*Problem requirements*
Output the data below exactly, down to the last character.

[Entries taken from a collection]

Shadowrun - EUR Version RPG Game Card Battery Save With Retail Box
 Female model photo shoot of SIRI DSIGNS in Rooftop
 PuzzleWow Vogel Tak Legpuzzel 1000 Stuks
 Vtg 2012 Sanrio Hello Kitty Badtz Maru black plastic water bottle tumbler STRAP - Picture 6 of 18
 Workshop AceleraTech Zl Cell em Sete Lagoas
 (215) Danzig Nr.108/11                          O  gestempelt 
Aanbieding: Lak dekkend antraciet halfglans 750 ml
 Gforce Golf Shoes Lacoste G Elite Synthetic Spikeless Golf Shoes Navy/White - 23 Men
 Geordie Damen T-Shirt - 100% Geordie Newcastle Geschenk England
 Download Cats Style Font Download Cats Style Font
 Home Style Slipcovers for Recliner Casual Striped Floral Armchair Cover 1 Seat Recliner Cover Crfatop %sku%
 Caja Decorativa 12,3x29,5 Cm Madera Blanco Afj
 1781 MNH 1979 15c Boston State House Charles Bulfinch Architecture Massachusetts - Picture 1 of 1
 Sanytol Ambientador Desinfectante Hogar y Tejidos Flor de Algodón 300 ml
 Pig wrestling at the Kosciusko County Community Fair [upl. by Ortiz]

*Output of the task*
Shadowrun - EUR Version RPG Game Card Battery Save With Retail Box
 Female model photo shoot of SIRI DSIGNS in Rooftop
 PuzzleWow Vogel Tak Legpuzzel 1000 Stuks
 Vtg 2012 Sanrio Hello Kitty Badtz Maru black plastic water bottle tumbler STRAP - Picture 6 of 18
 Workshop AceleraTech Zl Cell em Sete Lagoas
 (215) Danzig Nr.108/11                          O  gestempelt 
Aanbieding: Lak dekkend antraciet halfglans 750 ml
 Gforce Golf Shoes Lacoste G Elite Synthetic Spikeless Golf Shoes Navy/White - 23 Men
 Geordie Damen T-Shirt - 100% Geordie Newcastle Geschenk England
 Download Cats Style Font Download Cats Style Font
 Home Style Slipcovers for Recliner Casual Striped Floral Armchair Cover 1 Seat Recliner Cover Crfatop %sku%
 Caja Decorativa 12,3x29,5 Cm Madera Blanco Afj
 1781 MNH 1979 15c Boston State House Charles Bulfinch Architecture Massachusetts - Picture 1 of 1
 Sanytol Ambientador Desinfectante Hogar y Tejidos Flor de Algodón 300 ml
 Pig wrestling at the Kosciusko County Community Fair [upl. by Ortiz]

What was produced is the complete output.